ThéâtreCritiques de théâtre
Crédit photo : Stéphane Bourgeois
Je me soulève est un projet résolument original, rompant avec la majeure partie de l’offre théâtrale. Le dernier spectacle de l’année au Trident verse dans le registre de la poésie, relevant davantage du récital que d’une pièce à proprement parler.
D’autres projets ont d’ailleurs fait la part belle à la poésie cet hiver, comme Untouched Land à Premier Acte, ou encore Chansons pour filles et garçons perdus, une «stonerie poétique» présentée à la Place des Arts à Montréal jusqu’au 19 mai prochain. De même, les sœurs Côté avaient signé la mise en scène d’Attentat en 2017 au Périscope, un spectacle puisant également dans le creuset de la poésie.

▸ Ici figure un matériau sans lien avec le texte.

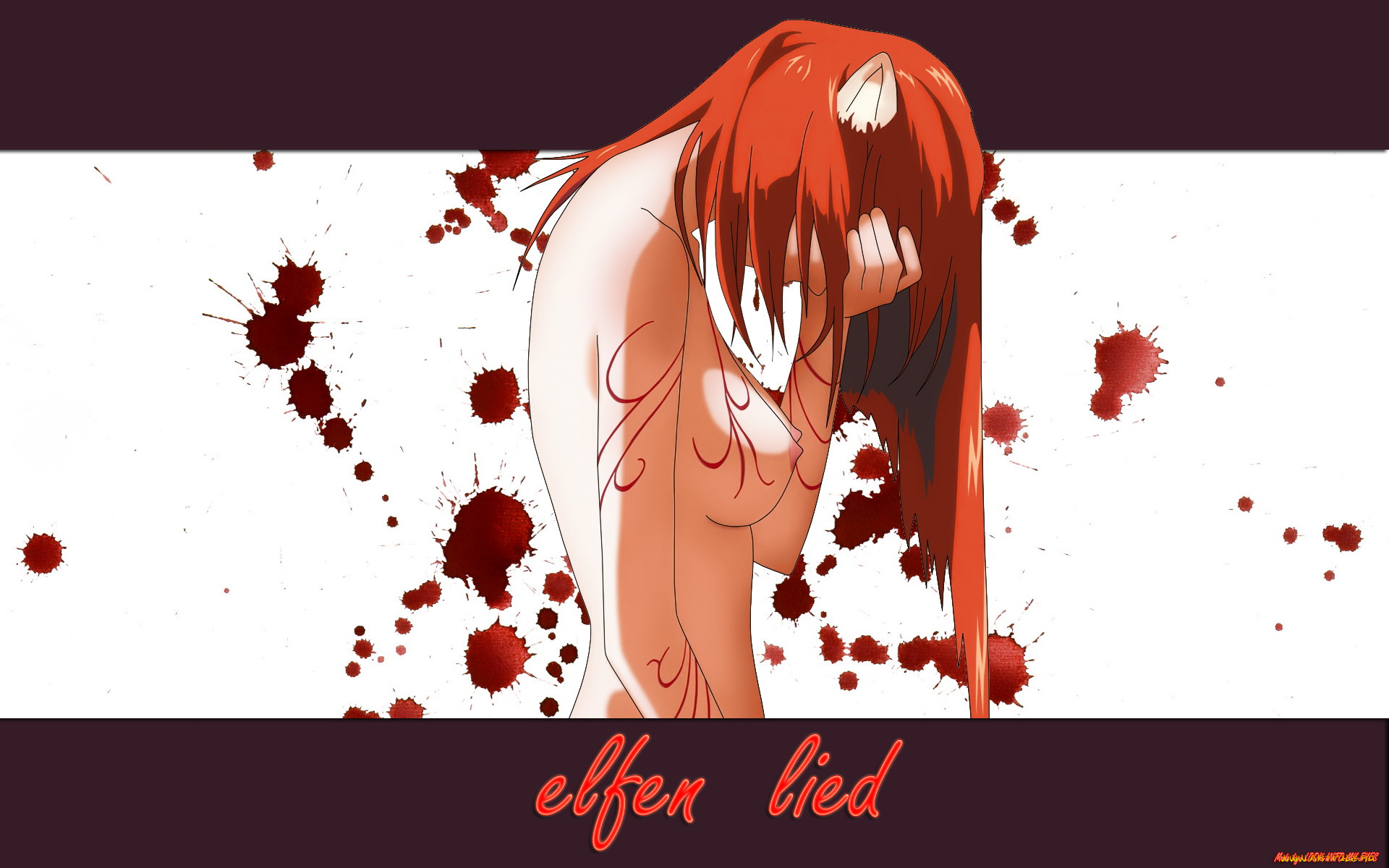 , elfen, lied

Les membres de la distribution se révèlent au public d’une manière inusitée. À tour de rôle, ils scandent les textes de nombreux-ses poètes québécois contemporains, et il semble qu’ils atteignent un degré supplémentaire d’authenticité, n’étant plus tout à fait dissimulés derrière un personnage.
Fait surprenant: les sœurs Côté ont eu également l’audace d’introduire des enfants à la scène. Leur présence rafraîchissante inspire l’auditoire quant à la manière dont il convient d’appréhender la poésie – c’est-à-dire librement, avec instinct et curiosité.
Une ode vibrante à la vie
Cette cohorte d’enfants déambule dans les tableaux qui se succèdent au fil de Je me soulève, lesquels constituent autant de portraits croqués dans notre quotidien, avec pour fil conducteur un sentiment d’ardeur, une certaine urgence, de même qu’une part de révolte. L’auditoire assiste ainsi à une mêlée de presse où les journalistes mitraillent de questions la figure du pouvoir: «À quoi obéit-elle?», martèle-t-on, et vers quelles sombres conjonctures le monde se dirige-t-il? «Pendant qu’on retourne la vie contre elle-même, […] à quelles sottises aurons-nous eu à consentir?» Comment pouvons-nous nous arracher à l’immobilisme ambiant?
Dans d’autres cas, les images créées sont franchement signifiantes, porteuses: la poésie atteint, pour ainsi dire, un niveau visuel, par exemple lorsque Leïla Donabelle Kaze traverse la scène debout sur une barque, portée par d’autres membres de la distribution, ou encore ce numéro désopilant où Olivier Normand tente désespérément de démarrer sa journée, portant des gants de boxe, excédé et impotent devant son déjeuner.
Éventuellement, les interprètes se munissent de tentes et de sacs de couchage, revendiquant une sorte de proximité avec la nature, une reconquête du territoire et la protection de celui-ci. «Nous naissons des paysages de la même façon qu’ils naissent de nos imaginations», affirme-t-on à juste titre. Force est d’admettre que les tableaux n’émeuvent pas tous autant, certains d’entre eux frisant le mièvre, par exemple lorsque les spectateurs-rices assistent à une sorte d’envolée d’oiseaux de papier. Or, la plupart du temps, il en émane une grande beauté.
La poésie, en outre, est sonore, le succès de la pièce participant également de la magnifique ambiance créée sous la direction musicale de Mykalle Bielinski.
Il y a de quoi se réjouir de l’ouverture que témoigne le Trident à l’égard de la jeunesse: l’entièreté de la distribution semble se situer dans la fleur de l’âge, et l’on oserait même admettre qu’elle est quelque peu homogène à cet égard, bien que cela ne soit pas forcément le cas des poètes dont les textes ont été sélectionnés. Or, en matière de transmission, de collectivisation, il aurait sans doute été intéressant d’intégrer quelques représentants-es d’autres générations.
Une autre ingéniosité de la mise en scène des sœurs Côté repose sur son aspect participatif, les membres de la distribution mettant la main à la pâte, voire construisant leur propre décor. Ils-elles sont ainsi les artisans-es du monde qu’ils souhaitent voir advenir.